Apparently, Diane Ravitch is miffed at Steven Brill for estimating in the new book, Class Warfare, that she earned as much as $200,000 in speaking fees from appearances before the National Education Association and other forums for education traditionalists, Ravitch sicced her lawyers on Brill and his publisher, Simon & Schuster, claiming that Brill’s estimate was “defamatory”, “fictitious” and “highly damaging”. Ravitch is demanding the excise of that estimate from future printings of the book, and an “errata sheet” on existing versions. Simon & Schuster responded by basically noting that Brill’s estimate was, well, an estimate, and stated as such. The publisher also stated that Ravitch was given “the opportunity to comment on the issue”. (Andy Rotherham brought this to light today on Eduwonk.)

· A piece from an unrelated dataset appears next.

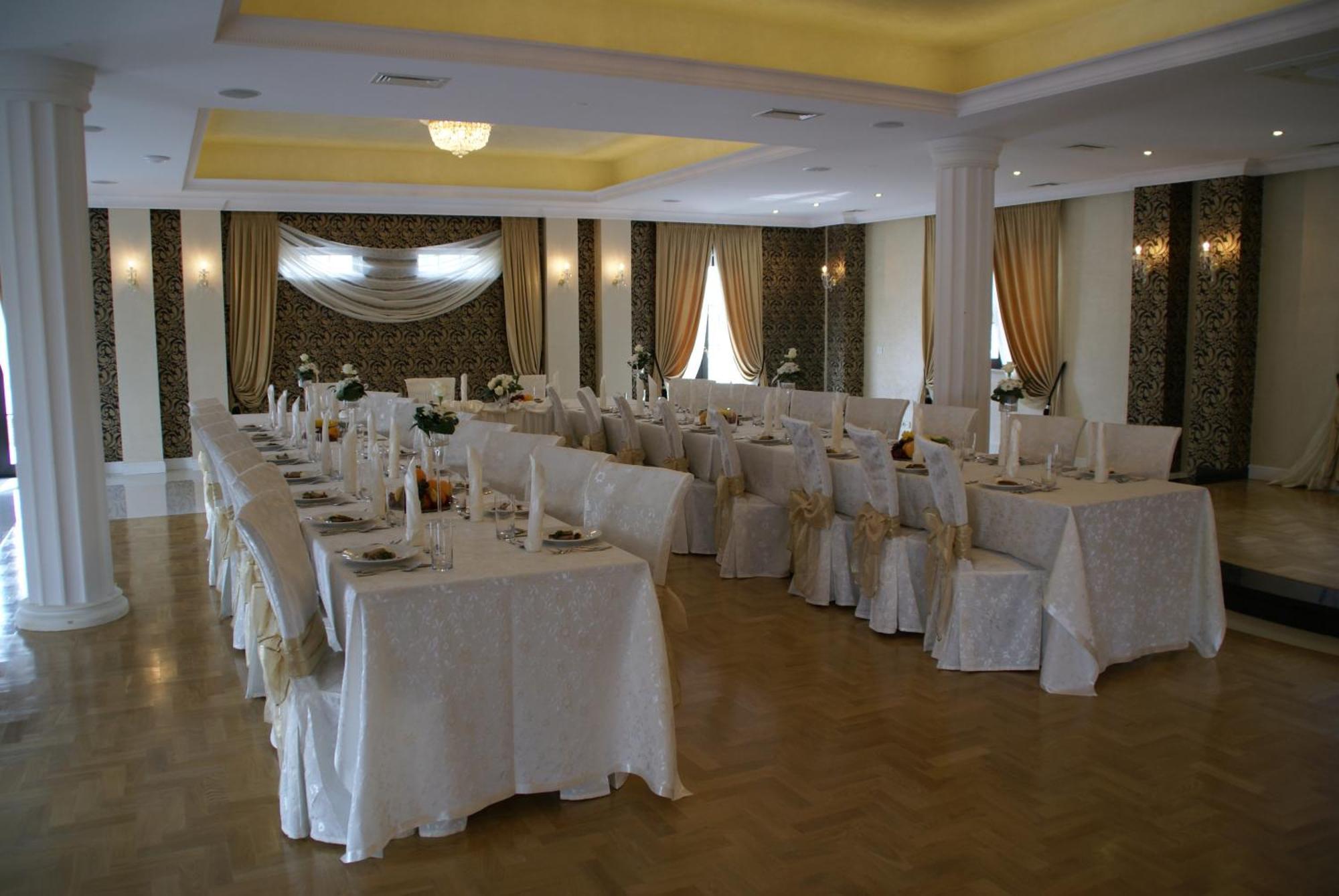 Dwor Kresowy Hotel Radymno Exterior photo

The most-damaging possible allegation made by Ravitch against the book is that she wasn’t represented by big-named speakers bureau Leading Authorities as Brill reported. A search of “Leading Authorities” and Diane Ravitch does lead to a page that shows a (now-dead) link (http://www.leadingauthorities.com/speaker/diane-ravitch.aspx) to a page at the speaker bureau’s Web site. (Dropout Nation has sent out inquiries to executives at Leading Authorities asking if they ever had her as a client.)
Given the difficulty of proving defamation suits and that, unlike California, New York State doesn’t require any publisher to retract statements upon request by any accuser if they don’t immediately respond to them, Ravitch is basically wasting money on legal fees. Nor is Brill’s estimate actually all that damaging; no one in Philadelphia, Miss., is going to care anyway. As Dropout Nation has also noted, there is nothing particularly wrong with Ravitch collecting speaking fees and not disclosing them. Getting paid by groups with which one has like-minded views does not make one a shill. So Ravitch would have been better off leaving this one alone.

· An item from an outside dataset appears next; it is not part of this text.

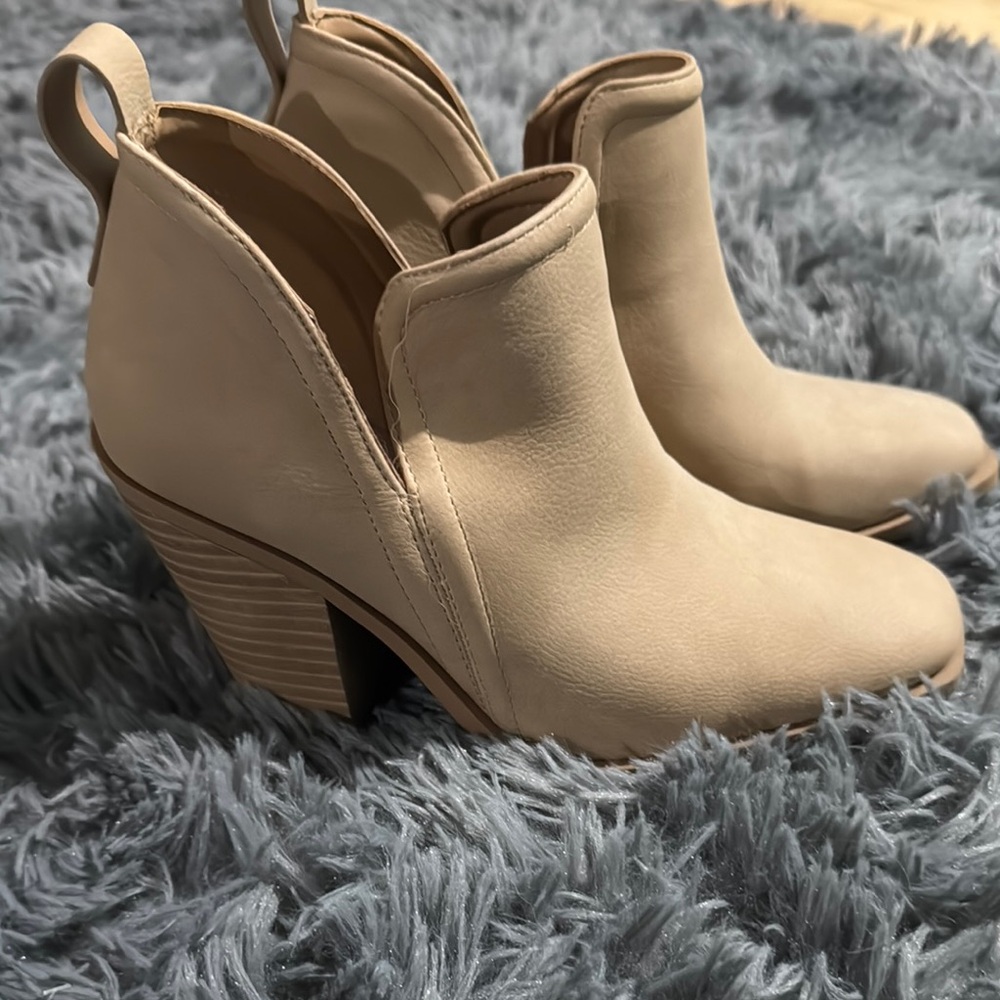 Women's Cream Ankle Boots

Dropout Nation has already said more than it wants on the speaking fees matter. More importantly, given that it is still waiting on response from Leading Authorities, there isn’t much more to report.
As for Ravitch? She couldn’t even get education history right in her Wall Street Journal piece last year exhorting congressional Republicans to embrace a history of opposing an expansive federal role in education policy that was never reality. She conveniently failed to mention Dwight David Eisenhower’s role in fostering the first mass use of specialized testing (courtesy of the National Defense Education Act of 1958), and the efforts of Ronald Reagan and the first George Bush in supporting the modern school reform movement.

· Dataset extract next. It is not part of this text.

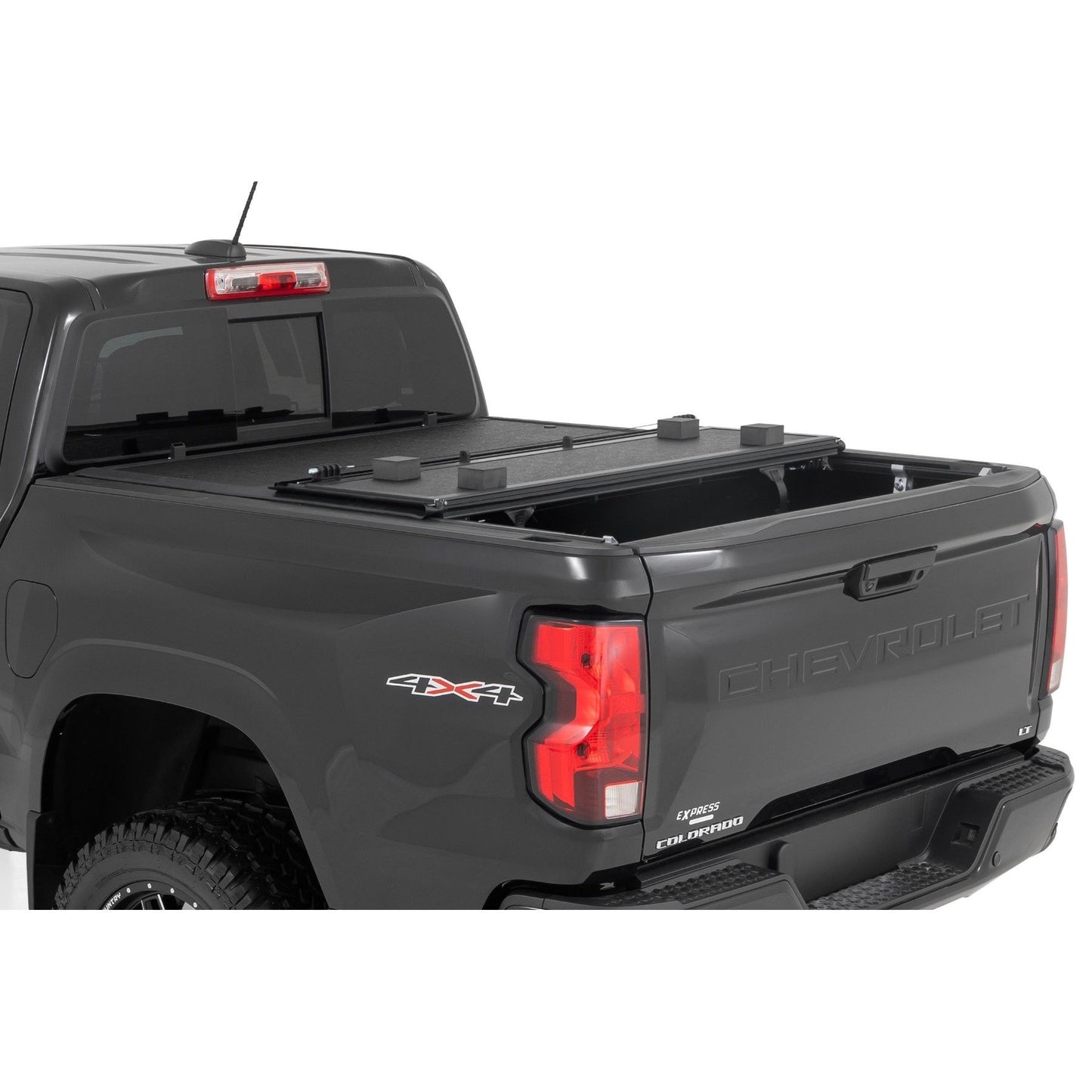ROUGH COUNTRY Hard Low Profile Bed Cover | 5' Bed | Chevy/GMC Canyon/Colorado (15-25) | 47120500B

Last year, in the New York Review of Books, she trashed Waiting for “Superman”, arguing that the film glossed over the fact that there are still too few high-quality charters. As anyone who watched the film could attest, if they are being honest, Waiting actually made clear that clear, in fact, citing the 2009 CREDO study, the same source for Ravitch’s own declaration in her piece. The fact that the CREDO study, a generally good and empirical report, is really a review of the strength and weaknesses of charter school laws in the states studied, and has been criticized for measuring the achievement of charter school students against the average results of groups of students in traditional schools, is conveniently not mentioned by Ravitch in her piece. And Stuart Buck, among others, has offered his own comprehensive review of Ravitch’s faulty thinking and data interpretation as displayed in stupendous fashion in The Death and Life of the Great American School System.
Considering the ridiculing Ravitch has done to her own storied career as of late, she should unleash the lawyers on herself.